PORTLAND, Maine (AP) — Federal regulators have cut Maine fishermen's quota for elvers by nearly 18 percent to allow the stock of the lucrative baby eels to rebuild.
The move came Monday after a federal panel had recommended a quota of 9,688 pounds of elvers for next year. That's a reduction from 11,749 pounds this year, the first year a quota was imposed, regulators said.
Prices for elvers topped $1,800 per pound in 2012 and 2013, and fishermen reported prices between $500 and $1,000 per pound this year. Prices per pound never topped $350 from 1994 to 2010. Catch also ballooned to more than 18,000 pounds in 2012 and 2013, topping 10,000 for the first time since 1998, prompting fears of overfishing.
Atlantic States Marine Fisheries Commission's American Eel Management Board approved the new quota at a meeting in Mystic, Connecticut. Kate Taylor, the commission's eel fishery management plan coordinator, said the new quota will protect Maine's economic interests and help the stock rebuild.
Elvers, also called glass eels, are sold overseas as seed stock for aquaculture companies in Asia that raise them to maturity and sell them as food.

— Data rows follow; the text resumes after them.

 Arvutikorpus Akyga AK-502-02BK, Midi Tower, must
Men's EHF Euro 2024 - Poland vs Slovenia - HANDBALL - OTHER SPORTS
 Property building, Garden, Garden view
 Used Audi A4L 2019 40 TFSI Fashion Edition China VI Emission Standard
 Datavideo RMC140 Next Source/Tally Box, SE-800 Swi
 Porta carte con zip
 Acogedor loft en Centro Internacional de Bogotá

Many elver fishermen in the state opposed the quota cut. Fishermen have showed dedication to preserving the fishery by participating in a swipe card system to prevent poaching, said Jeffrey Pierce, director of the Maine Elver Fishermen's Association.

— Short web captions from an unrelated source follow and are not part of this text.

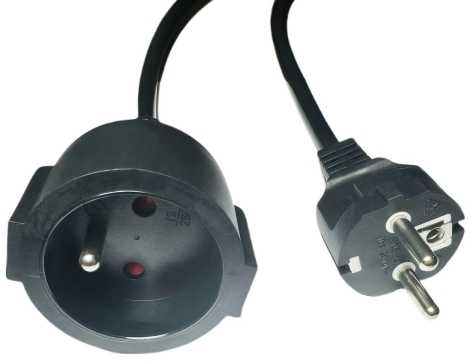 MicroConnect ilginamasis laidas EU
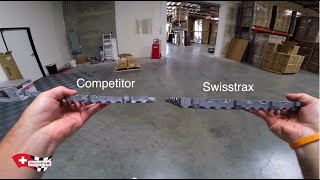 Why Choose Swisstrax Flooring [upl. by Ravert]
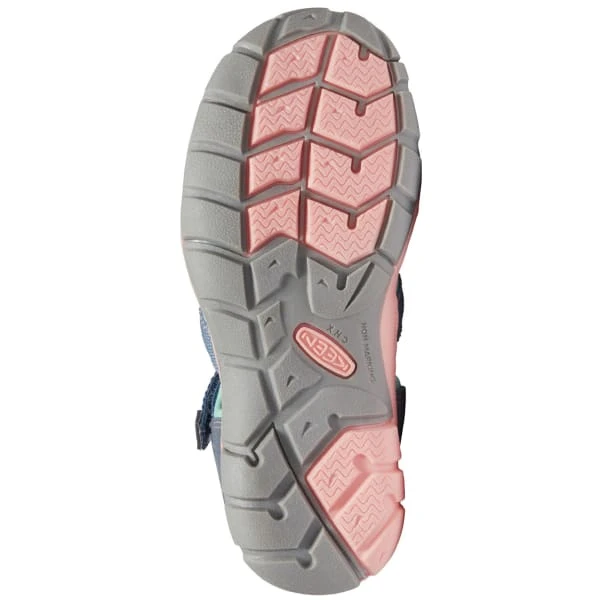 KEEN Girls' Seacamp II CNX Water Sandals 6 KEEN Girls' Seacamp II CNX Water Sandals - Image 6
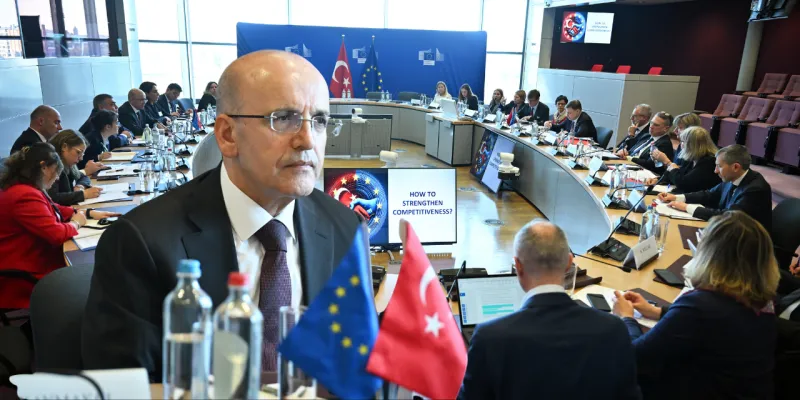 AB ile Türkiye Arasında Kritik Zirve! 6 Yıl Sonra İlk Temas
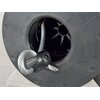 Self-tightening rope on the hand spurgear Winch TIREX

"We've done a tremendous amount of work to bring this elver fishery into compliance and they cut us back again," Pierce said.
Maine Department of Marine Resources Commissioner Patrick Keliher said the state would have preferred the status quo, but the quota cut "represents a better scenario than originally envisioned as we headed into last season."
The elver board also voted to allow other East Coast states to begin elver fisheries if they create an approved conservation program. States will be allowed to also harvest elvers for domestic aquaculture under certain conditions. Currently Maine and South Carolina are the only states with elver fisheries, and Maine's is much larger.